G-0R1JG2KD7Q
Most countries in the world have some form of accountability system to measure school quality and student outcomes, and provide transparency over how taxpayers’ money is spent on schooling. Examples are high-stakes tests, school inspections or report cards and monitoring systems. These systems often have an element of control and compliance, while also aiming to improve student outcomes. Ofsted, the English Inspectorate of Education’s famous strapline of aiming to ‘ improve lives by raising standards in education and children's social care’ is a key example that can be found in similar wording in other parts of the world.
It is no surprise then that many academic studies have tried to establish whether these systems meet their promise of benefiting the schools and education systems they test or inspect. Measuring the effects of high stakes tests, inspections or other types of accountability is however inherently complex and requires a systems approach to data collection and analysis. Here is why:
In 1975, Donald Campbell introduced his famous law[1]:
“The more any quantitative social indicator is used for social decision making, the more subject it will be to corruption pressures and the more apt it will be to distort and corrupt the social processes it is intended to monitor.”
His law has proven to be relevant for many contemporary accountability systems, particularly those that are high stakes.

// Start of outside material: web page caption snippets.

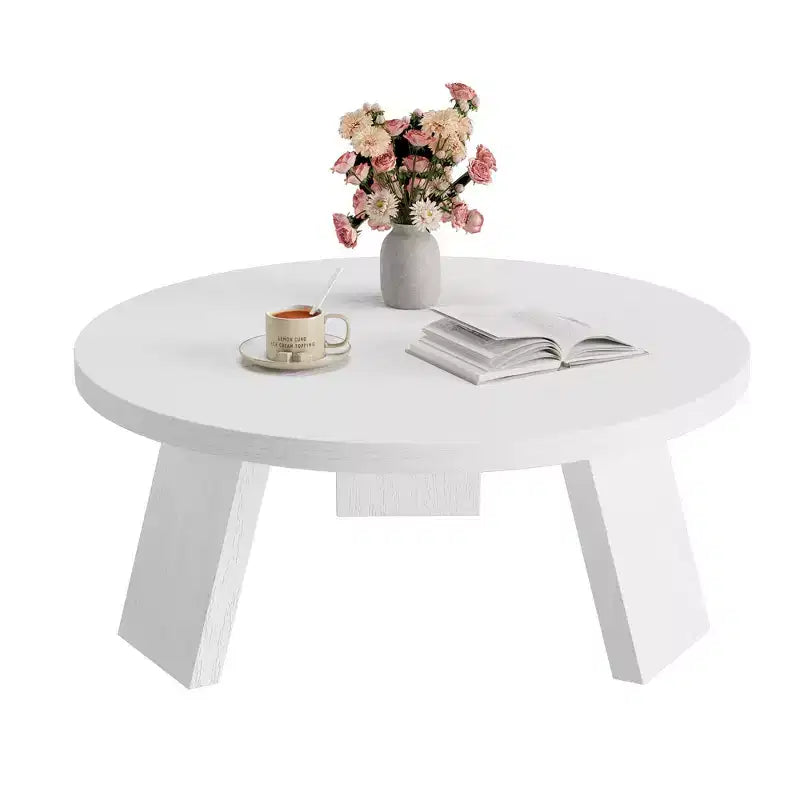 33.5 Round Modern Coffee Table  3-Leg Sturdy Design  Space-Saving Cocktail Table for Living Room (1-Pack)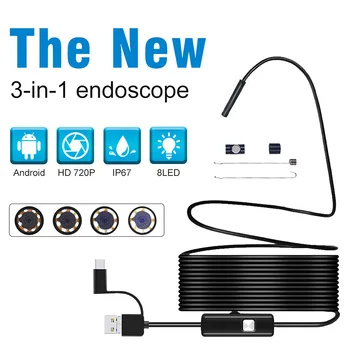 5.5 mm Objektiv Nepremočljiva Android Endoskop Fotoaparat 1m 2m 3,5 m 5m, Mehka, Prožna Žica USB-Endoskop Nadzor Endoskop Fotoaparat
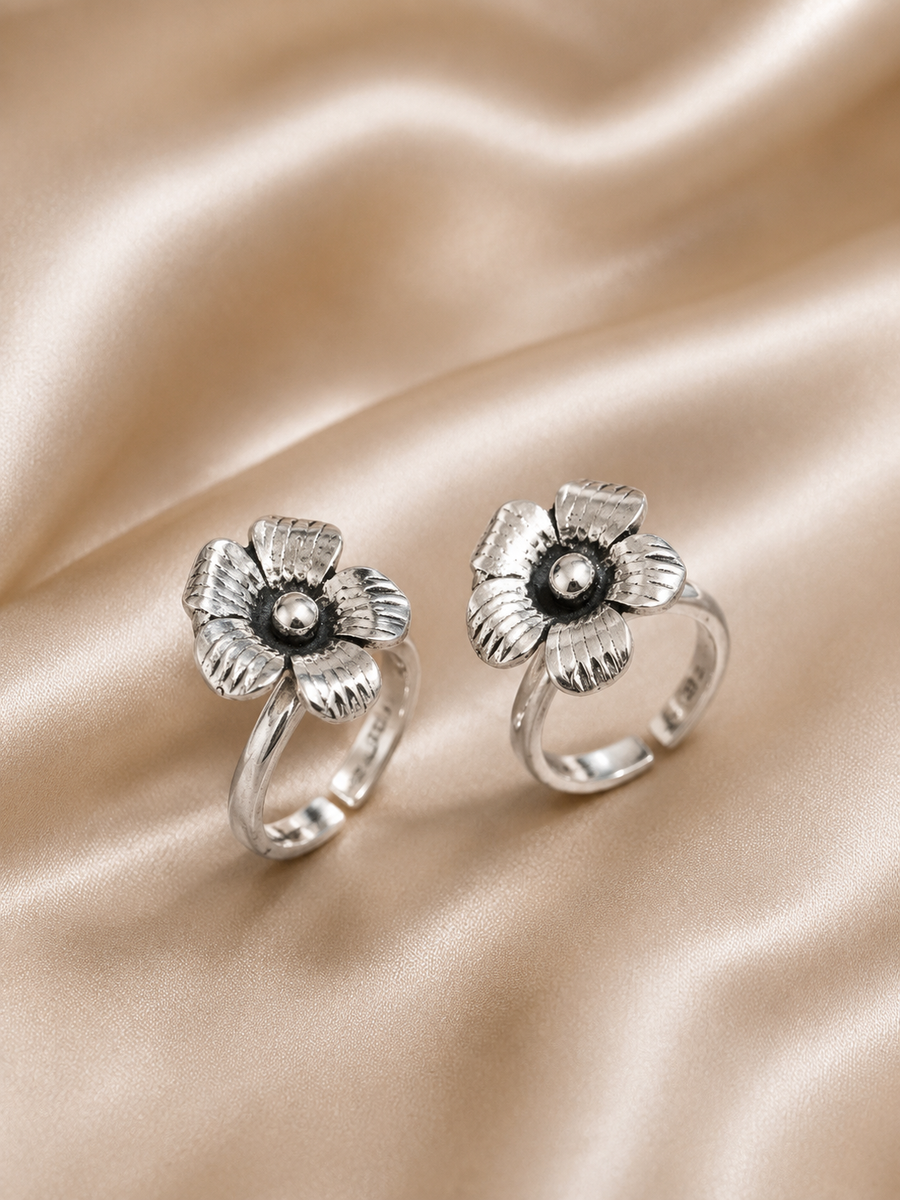 Floral Sterling Silver Toe Rings in Pairs
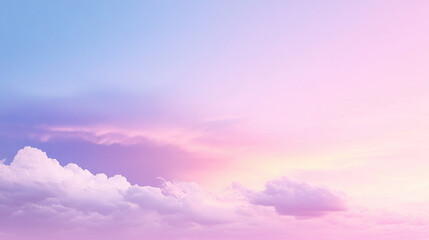 Fototapeta premium Serene Dusk Sky with Soft Pastel Colors Gradually Blending into Fluffy Clouds, Creating a Peaceful Atmosphere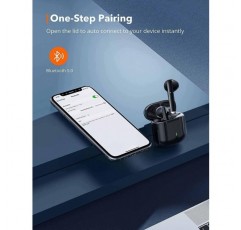 FLEEER QOLIXM Bluetooth 5.3 무선 헤드폰, 내장형 마이크 ​​및 충전 케이스, Apple Airpods/Android/iPhone 헤드폰용 3D HD 스테레오 소음 감소 블랙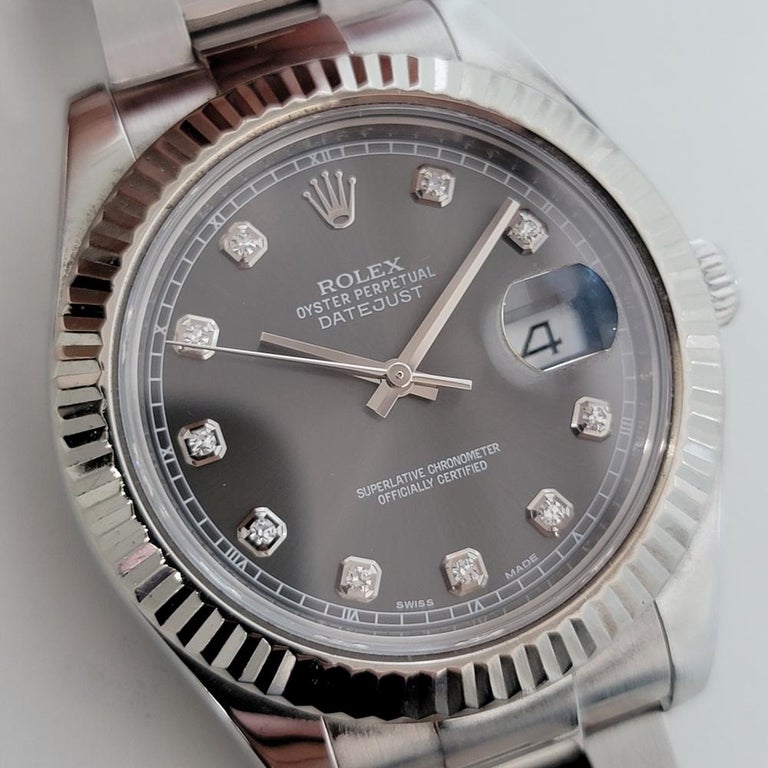 Mens Rolex Datejust II 116334 Rhodium Diamond Dial Automatic 2010s RJC150 In New Condition For Sale In Beverly Hills, CA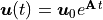 \bm{u}(t) = \bm{u}_0 e^{\mathbf{A}\,t}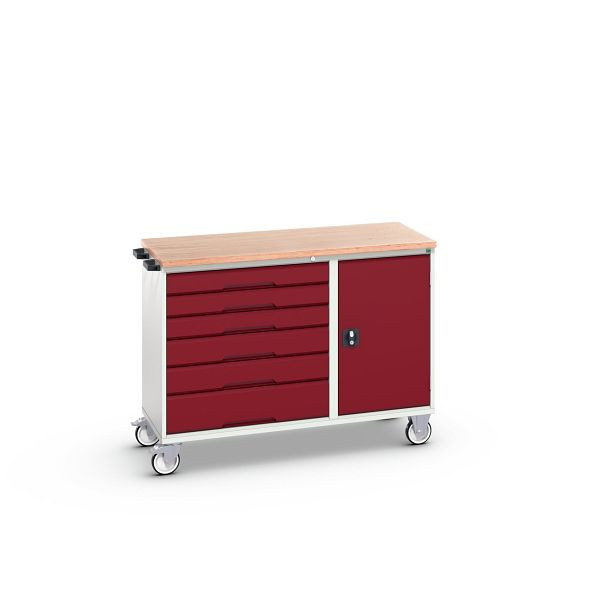 bott verso Montagewagen, mit 6 Schubladen, Tür und Multiplex-Top, BxTxH: 1300 x 600 x 980 mm, Lichtgrau / Purpurrot, 16927154.24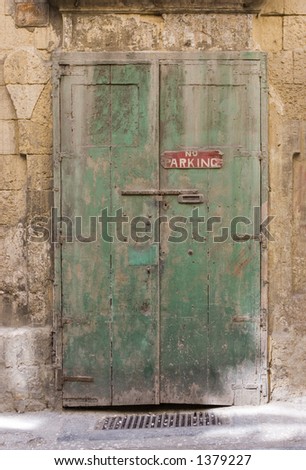Old door in the city of Valletta, Malta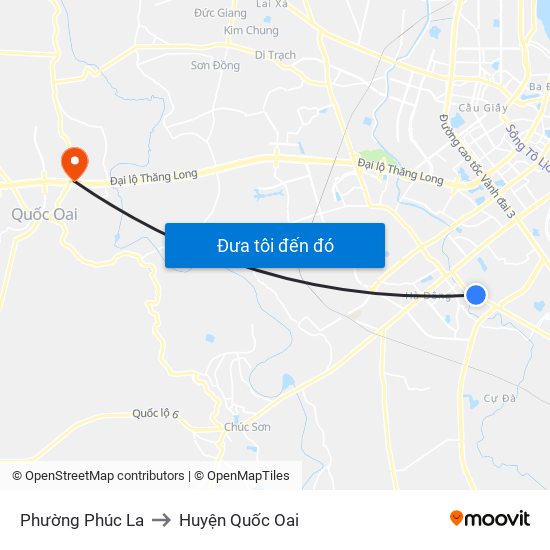 Phường Phúc La to Huyện Quốc Oai map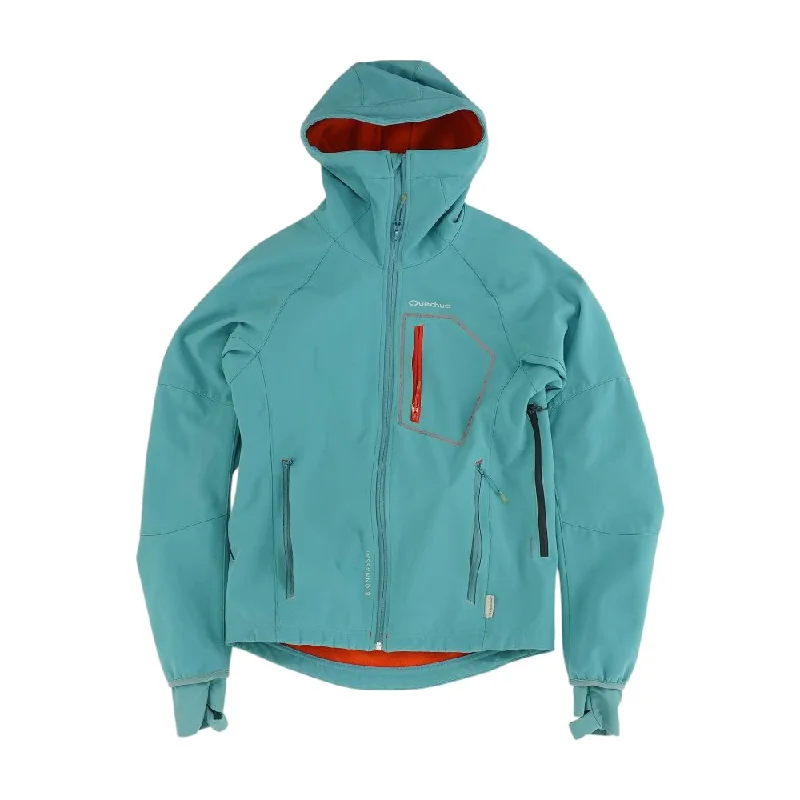 Blue Solid Lightweight Jacket Zippered Jacket Buttoned Jacket Snapped Jacket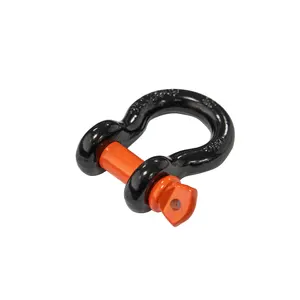 China Wholesale 4x4 Tow Shackle Drop Forged Shackle Bow Stype Shackle Screw Pin For Heavy Duty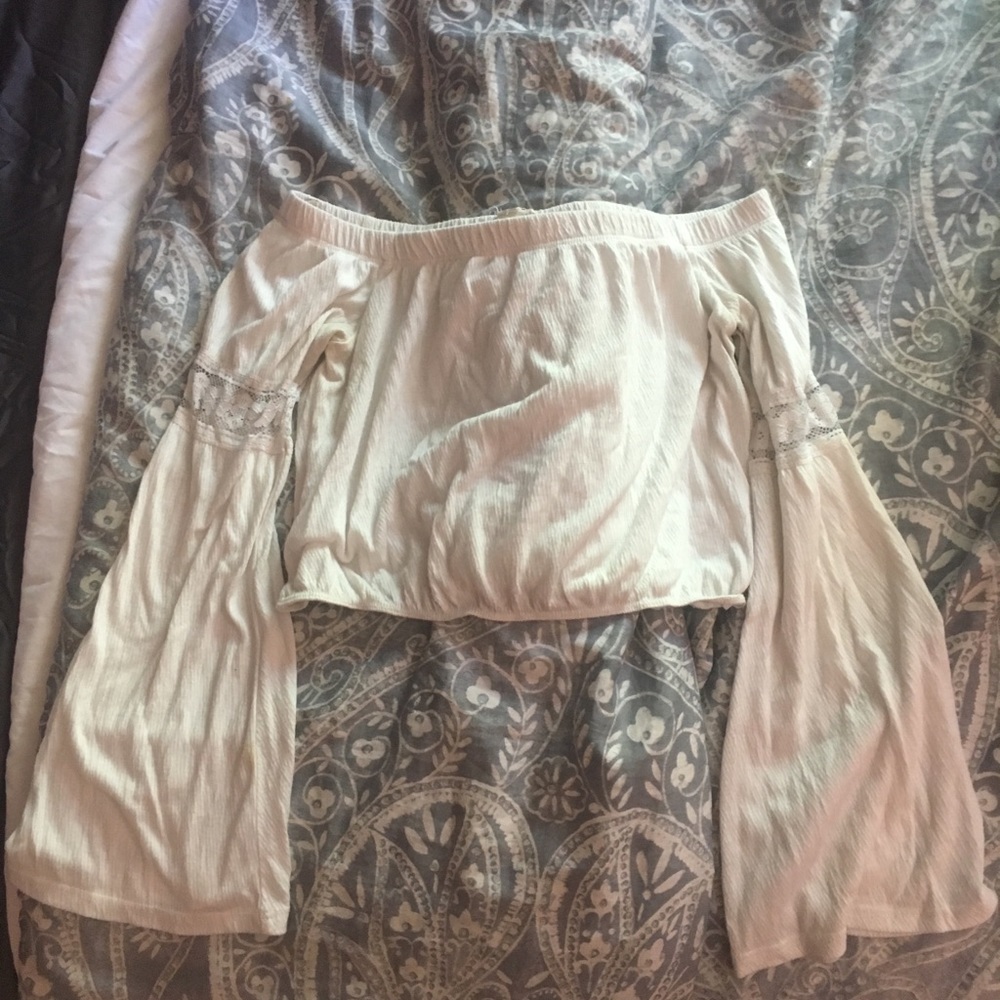 White hippie crop top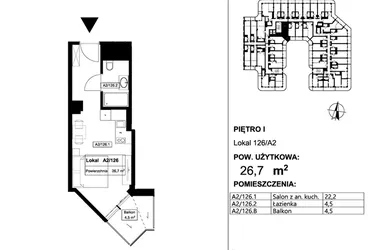 Rzut - Mieszkanie na sprzedaż 1 pokój o powierzchni 26,7 m² - numer 126 w Apollo Resort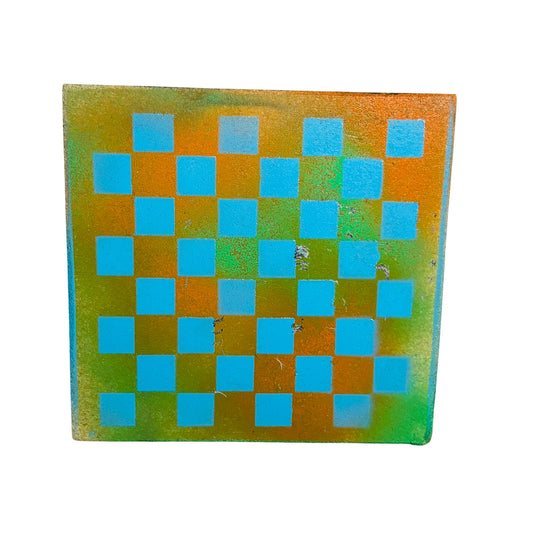 Blue And Dirty Green - Painted Double Sided Chess Board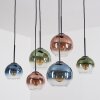 Koyoto hanging light, globe light, pendant light blue, green, clear, coppery, 6-light sources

Daniel Koretz (2017[2]) for example has provided mounting evidence that high stakes tests in the United States lead to score inflation and no longer represent actual improvements in learning; teachers learn about the types of items and content in the test and reorient their instruction accordingly. A similar strategy of ‘teaching to inspection’ (Ehren, 2016) can be found when inspectors observe lessons to measure teaching quality. A teacher once told me that staff would agree on having their students sing a particular song to alert their colleagues further down the corridor of the unannounced arrival of an inspector in the school. This would give colleagues time to change their teaching to the subject that was scheduled for the designated slot on the school timetable.
And who would blame them for doing so? Monitoring and inspection, even with the best intentions of only providing an evaluative assessment of strengths and weaknesses, is often high stakes and puts someone’s work under a magnifying glass at a specific point in time. Over time, teachers and school leaders will learn what is expected of them and will align their work to ensure a good outcome against the standards by which they are assessed. As a result, measures lose the ability to distinguish between those who perform poorly and those who perform well. To understand these responses and how measures (test, inspection or other types of monitoring) change teaching and learning (for better or worse) requires a research design that looks at change over time and what causes such changes.
Secondly, accountability systems are by nature composed of multiple actors (students, teachers, principals, school inspectors/district supervisors etc) who all interact in measuring school quality and in acting on these measures. In doing so they change and affect each other’s behaviour. The sum of all these interactions results in an entirely different outcome than what we would expect from the responses of each individual actor to an accountability measure. An example is the reputation loop described by Honingh et al (…) for the Dutch school inspection system. This study found that a school in a highly competitive environment with neighbouring schools that have a positive inspection report would enter a downward spiral when receiving a negative inspection report. This would result in parents (particularly relatively well educated and middle/high income) taking their children to another (higher performing) school, which would lead to a decline in school funding, difficulty in recruiting new, highly qualified staff and further difficulties to improve the standard of education.
Such a reputation loop would however not occur for a school in a rural area where there is no school choice or where parents are less preoccupied with good test or inspection outcomes.
What this example shows is that effects of accountability systems are highly contextual and the result of specific interactions: there is no average effect that can be interpreted meaningfully. Responses of individual actors are embedded in, and constrained by choice options and by the responses of other actors. We can only understand these by questioning the how, under what conditions and through which mechanisms accountability systems lead to change over time. Such questions cannot be answered by the type of experimental designs that tend to be seen as the golden standard to measure effects of interventions. Instead we need research designs that look at the functioning of systems and the interactions between actors that lead to change over time.
The world is not simple, let’s not assume it is through our choice of research design.
[1] Donald T. Campbell, (1975). “Assessing the impact of planned social change.” In G. M. Lyons (Ed.), Social Research And Public Policies : The Dartmouth/OECD Conference.
[2] Koretz, D. (2017). The Testing Charade; Pretending to Make Schools better. Chicago: University of Chicago Press.